Starting from the line with "Carteira azul do" and going up to and including the line with "Blank vintage golden", copy the listing below exactly. Leave all images out.
Top of Material for the task
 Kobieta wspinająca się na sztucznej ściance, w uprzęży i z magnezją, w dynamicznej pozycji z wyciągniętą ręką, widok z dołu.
Bottom of Material for the task
Top of Material for the task
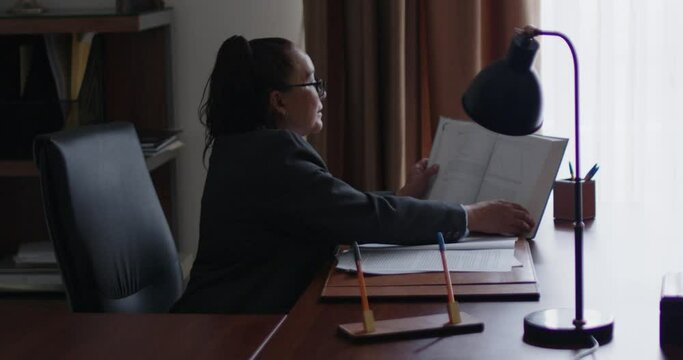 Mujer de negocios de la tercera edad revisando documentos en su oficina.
Bottom of Material for the task
Top of Material for the task
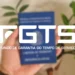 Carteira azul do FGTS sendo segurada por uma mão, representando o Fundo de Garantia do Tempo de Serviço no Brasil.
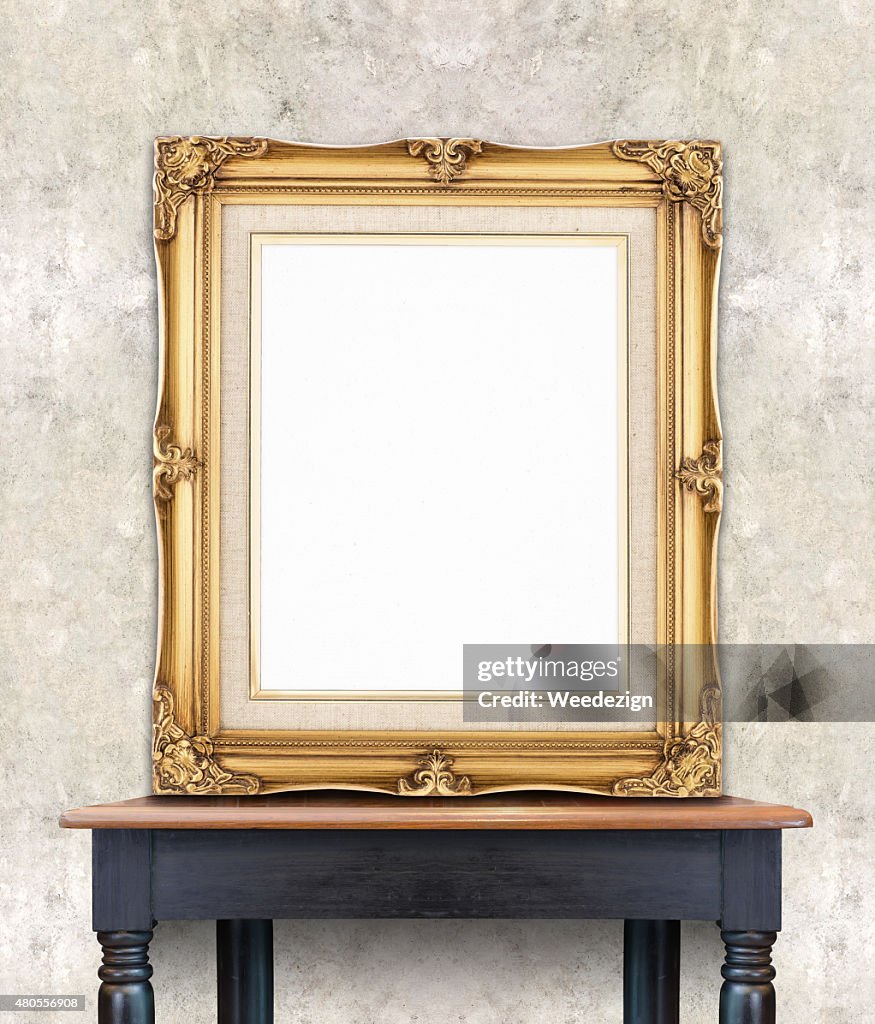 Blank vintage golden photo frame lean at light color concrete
Bottom of Material for the task
=== Exercise answer ===
 Carteira azul do FGTS sendo segurada por uma mão, representando o Fundo de Garantia do Tempo de Serviço no Brasil.
 Blank vintage golden photo frame lean at light color concrete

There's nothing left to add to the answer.